#### [Assignment]
Please copy the data below exactly; none of the pictures in it belong in the copy.

#### [Data section]
==========

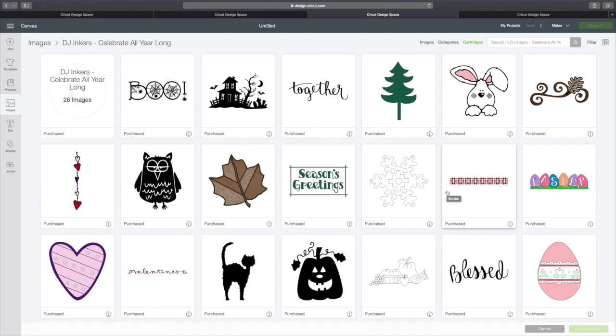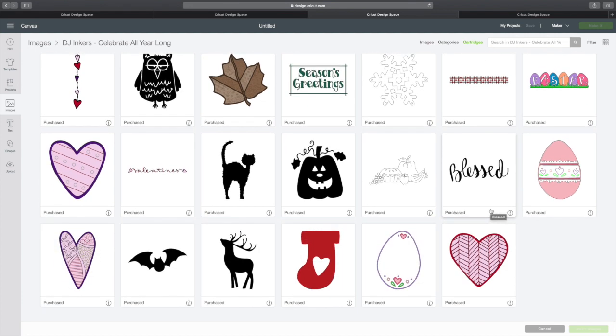Our third image set is DJ Inkers, Celebrate All Year Long. It includes 26 images. I think this boo is terrific with the spiders and the spider webs, and I love the haunted house. The Easter banner is really cute too. Just adorable.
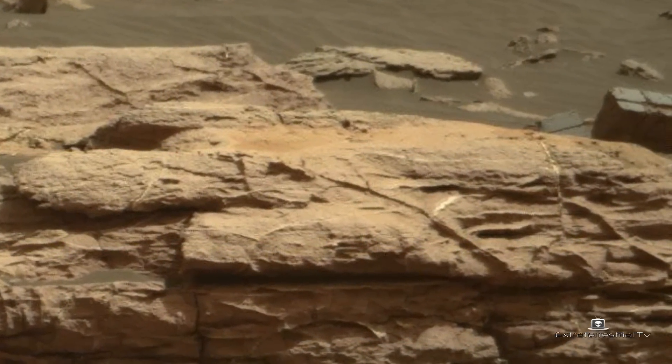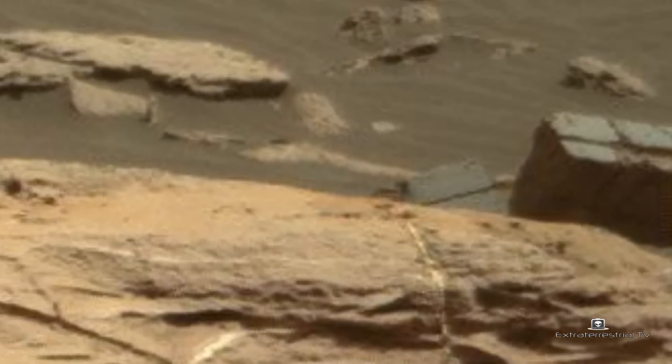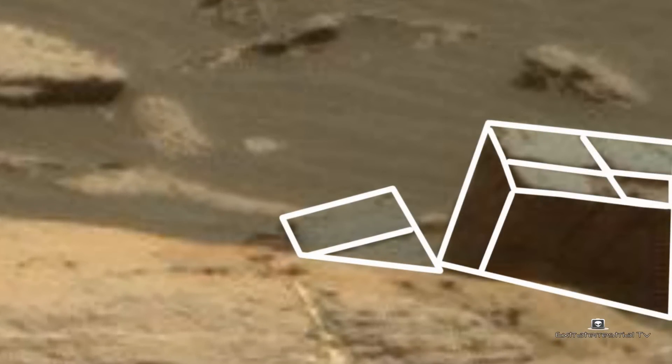Upon zooming in we can see that they possess symmetry, clear straight edges, perfectly straight lines and perfect angles. They look like concrete blocks.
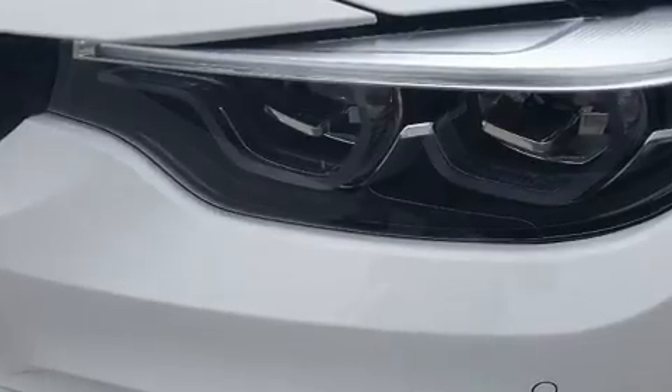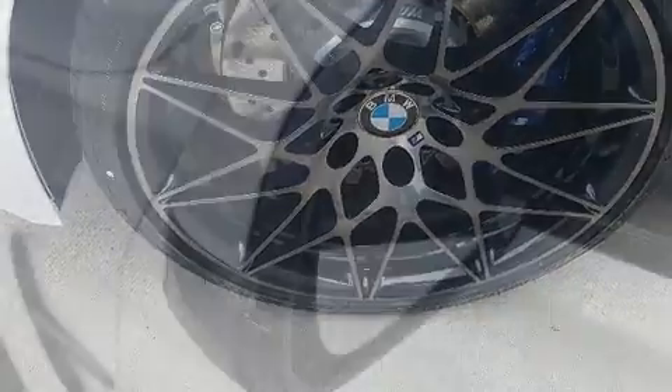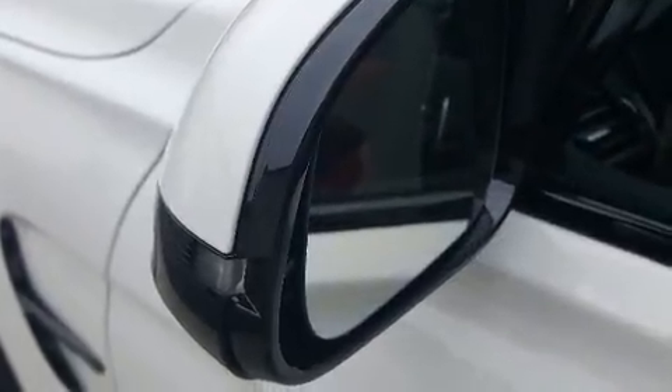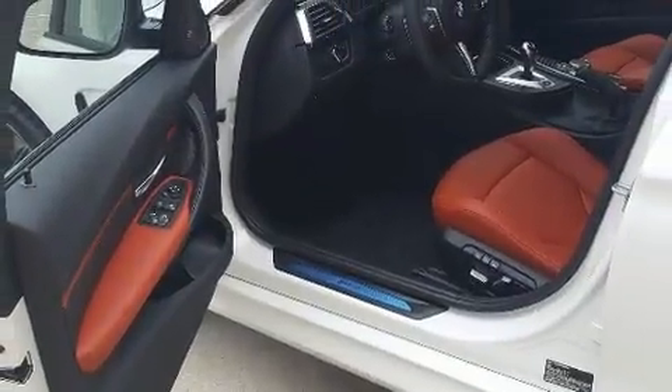BMW ensures the safety and security of its passengers with equipment such as traction control, ignition disabling, and four-wheel disc brakes with ABS. This car was designed with safety in mind, allowing you to drive with even greater assurance.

==========

#### [Output]
Our third image set is DJ Inkers, Celebrate All Year Long. It includes 26 images. I think this boo is terrific with the spiders and the spider webs, and I love the haunted house. The Easter banner is really cute too. Just adorable.
Upon zooming in we can see that they possess symmetry, clear straight edges, perfectly straight lines and perfect angles. They look like concrete blocks.
BMW ensures the safety and security of its passengers with equipment such as traction control, ignition disabling, and four-wheel disc brakes with ABS. This car was designed with safety in mind, allowing you to drive with even greater assurance.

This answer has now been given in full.